- TASK DATA -
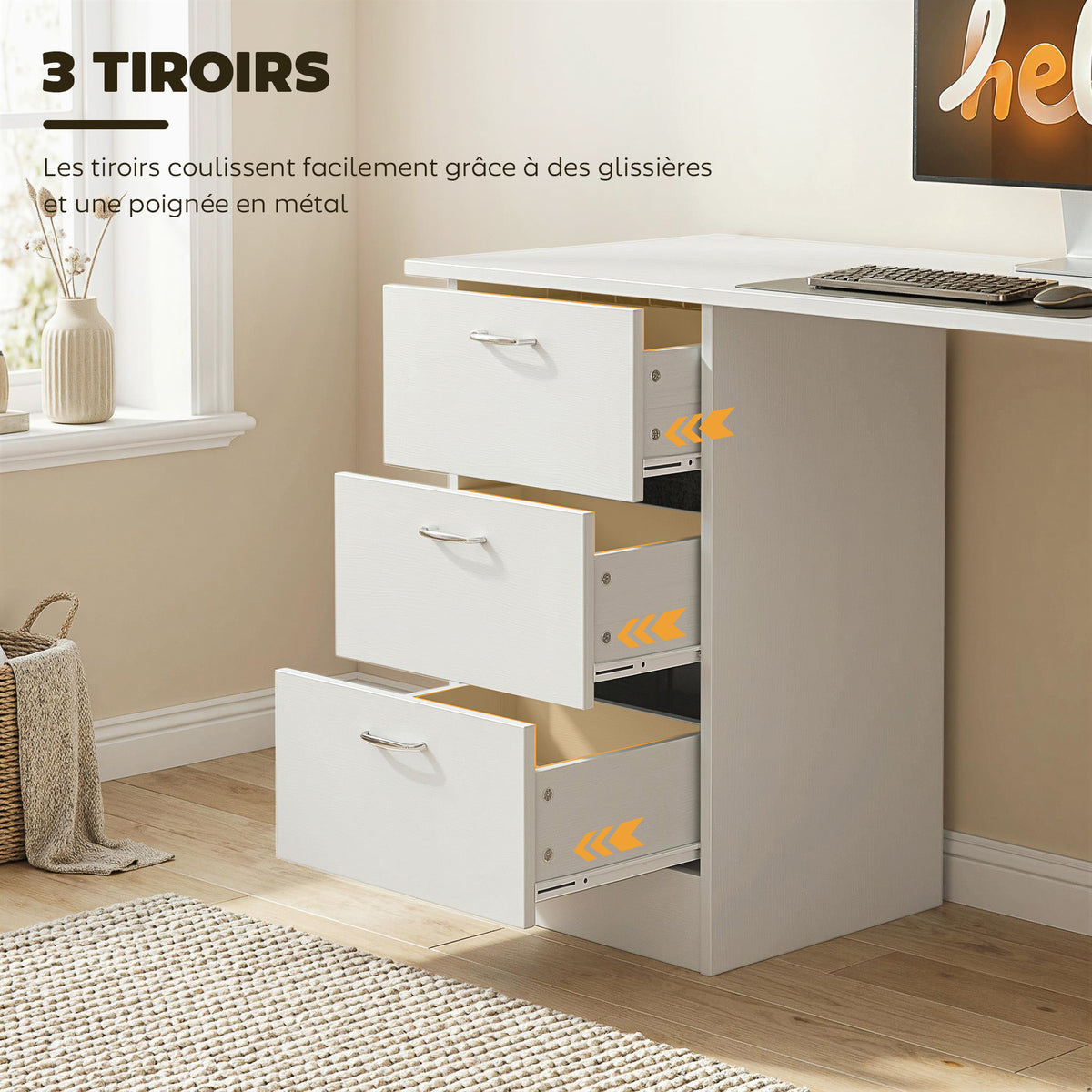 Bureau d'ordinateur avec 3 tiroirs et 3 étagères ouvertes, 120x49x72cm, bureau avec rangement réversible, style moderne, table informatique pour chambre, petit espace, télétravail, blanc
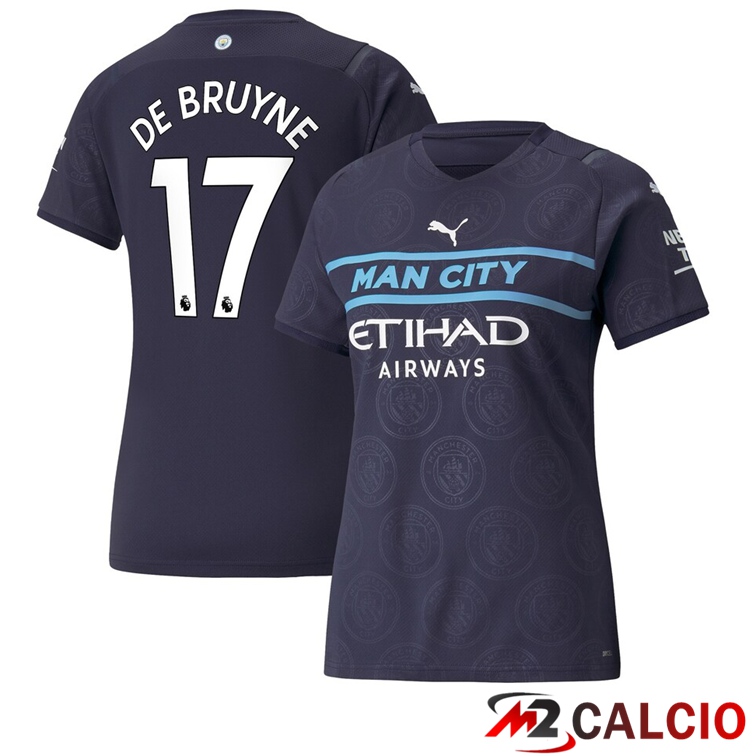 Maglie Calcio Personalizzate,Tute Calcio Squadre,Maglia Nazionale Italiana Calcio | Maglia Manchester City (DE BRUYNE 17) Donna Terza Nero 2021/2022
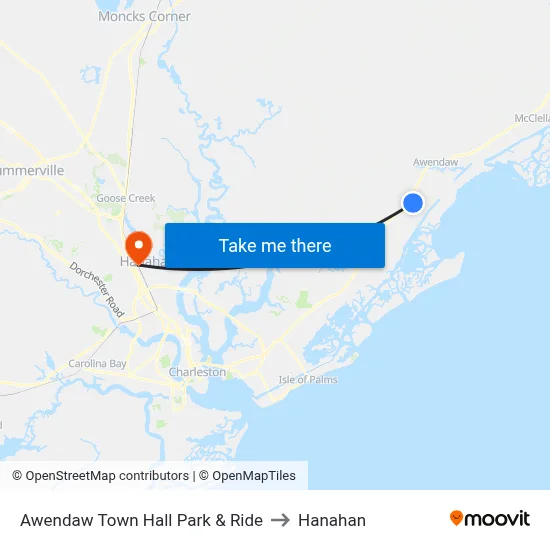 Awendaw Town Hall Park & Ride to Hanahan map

* * *

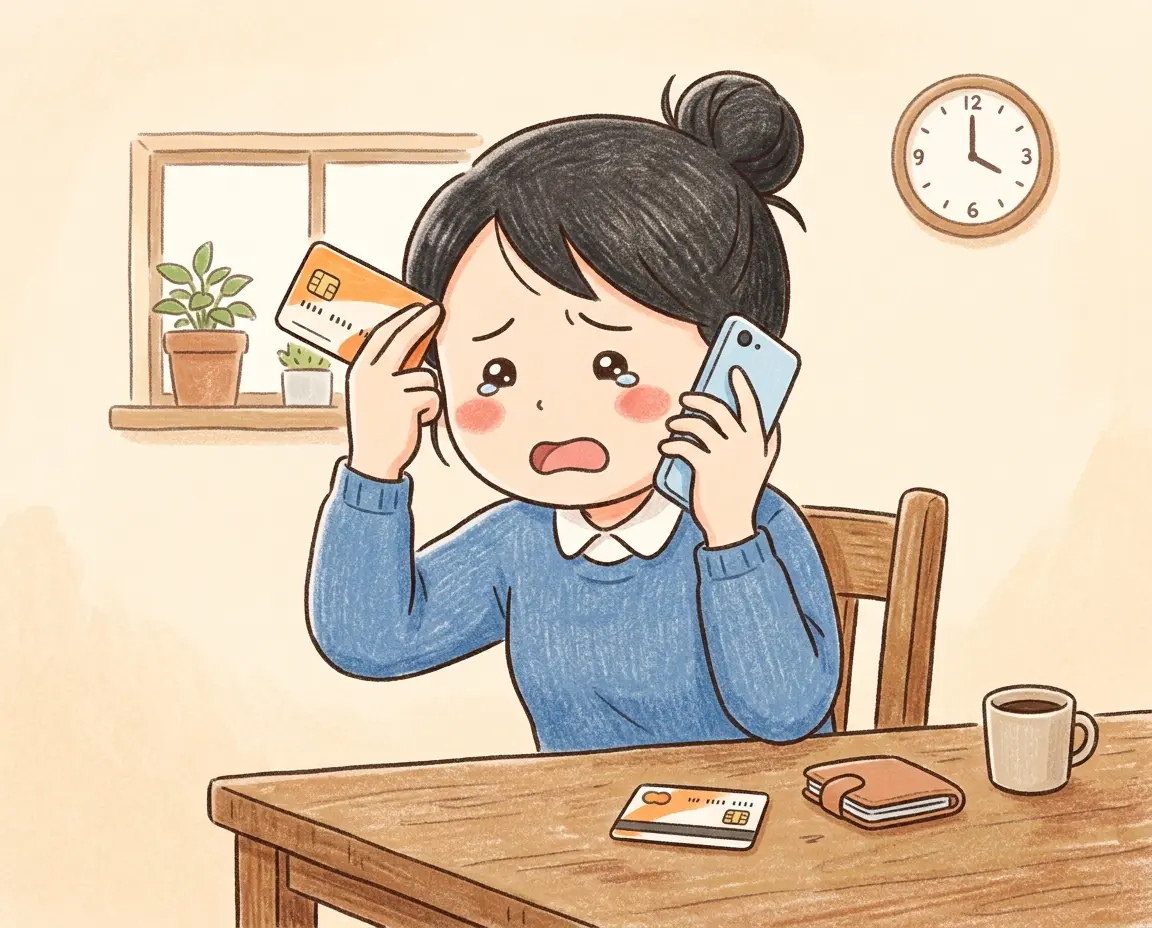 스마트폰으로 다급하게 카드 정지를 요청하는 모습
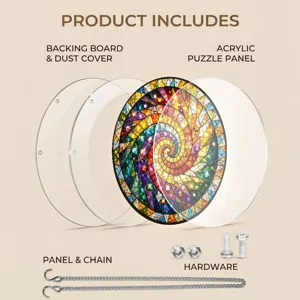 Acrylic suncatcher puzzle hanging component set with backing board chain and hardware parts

- ABOUT THIS TASK -
Start at the line containing "Bureau d'ordinateur avec" above and stop at the line containing "Awendaw Town Hall Park & Ride to Hanahan map". Output those lines exactly, both included, but none of the pictures.

- RESULT FOR THIS TASK -
 Bureau d'ordinateur avec 3 tiroirs et 3 étagères ouvertes, 120x49x72cm, bureau avec rangement réversible, style moderne, table informatique pour chambre, petit espace, télétravail, blanc
 Maglie Calcio Personalizzate,Tute Calcio Squadre,Maglia Nazionale Italiana Calcio | Maglia Manchester City (DE BRUYNE 17) Donna Terza Nero 2021/2022
 Awendaw Town Hall Park & Ride to Hanahan map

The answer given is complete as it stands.